Aaron Hurst is a global thought leader and someone I greatly admire. His work in distilling what gives us purpose is groundbreaking.
In this excerpt from one of his articles he gives his practical tips for applying this to career transitioning. Its a great checklist for anyone thinking of, or already on the wonderful journey of getting their career aligned to their purpose.
From Aaron Hurst:
“Research has shown that we get purpose from relationships, doing something greater than ourselves and through personal growth. A job search that is designed around these three sources of purpose cannot only be rewarding but is also likely to land you a job where you thrive.
Here are seven ways I have seen professionals lead purpose-driven job searches. These are the practices that turn a transition from a lowlight to a highlight in their careers.
1. Be social. Relationships are one of the best times to meet new people and reconnect with old friends. Meet with as many people as you can and use the conversations to uncover opportunities. Try to meet at least one new person and reconnect with another everyday during your search.
2. Be generous. Rather than focusing your relationships on serving you, focus on serving others. Ask people you meet about their needs and challenges and see how you can help. It isn’t easy to do when you are feeling anxious about finding work, but being generous will bring you purpose and make your network more likely to help you in the end.

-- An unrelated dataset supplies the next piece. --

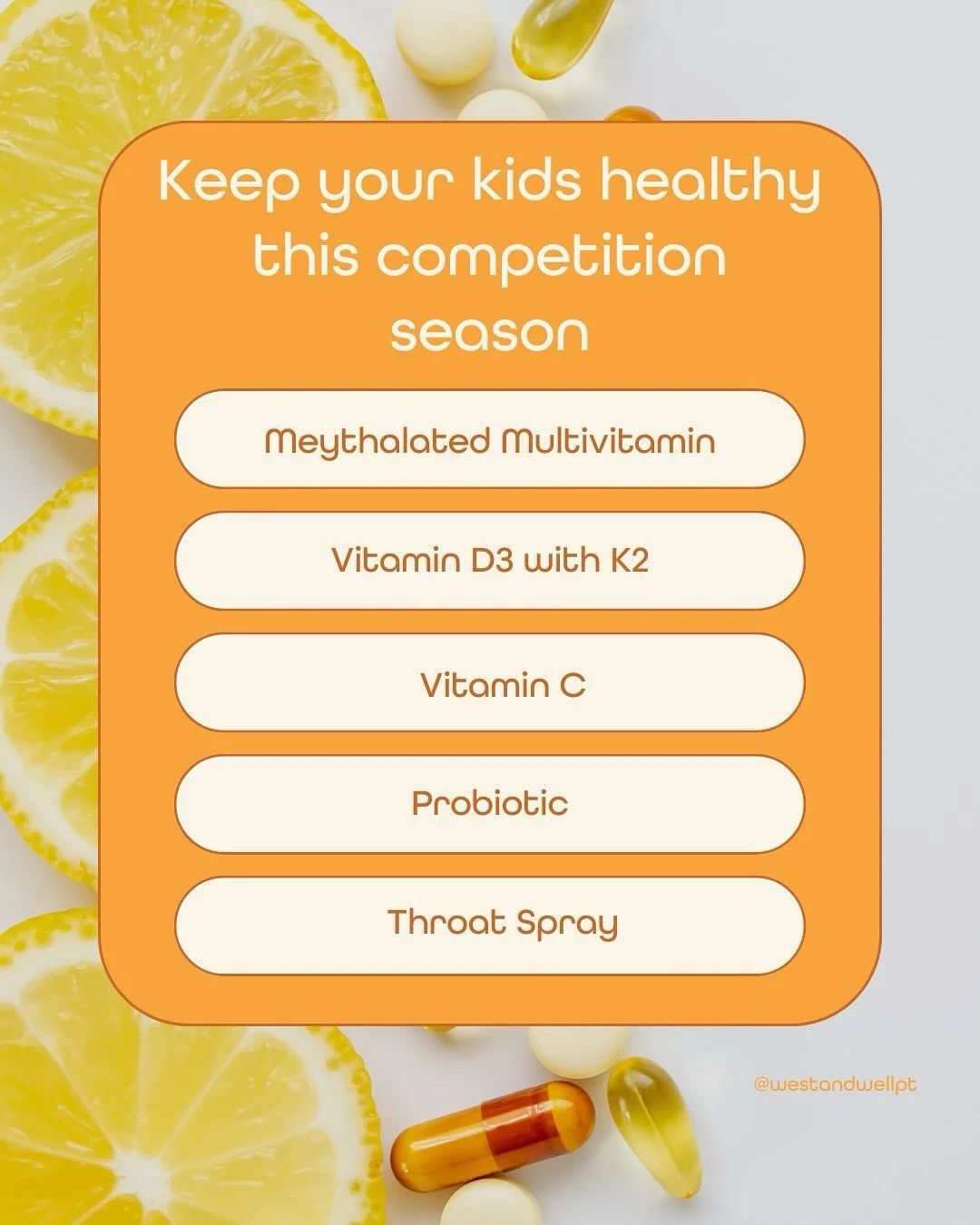 With competition and cold/flu season approaching, it&rsquo;s is so important to keep your kids immune system in tip top shape! These are my personal favorites and what I would be giving my kids!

3. Be curious. There are few times you can meet with so many people from different fields and industries. Use your job search to learn about the world and broaden your horizons.
4. Be courageous. Don’t confine your search to jobs that are similar to your last. Explore some career paths that would stretch you and expose you to new thinking and challenges. You might find a new path that is much better than the one you are traveling.
5. Be self-aware. Use the time during a job search to become clearer about what drives purpose for you. There are 24 different purpose patterns that determine what we need to have purpose at work. You can find yours on Imperative.com to help inform your search.
6. Be authentic. Using your purpose pattern, think back to all your previous jobs and how you found purpose in each one. What were your purpose moments? What really matters to you in a job? Use these insights to define what you are seeking in your next job. During interviews tell employers about what drives purpose for you at work. It will help ensure that you have the right conversations about the job fit.
7. Be visionary. Don’t just focus on thinking about your next job. Set goals for your next ten years and then do a work back plan for how to get there including your next step. This will also make you more compelling to potential employers.
While stressful, successful professionals often report that their job search is deeply rewarding and a source of purpose. It is your choice.”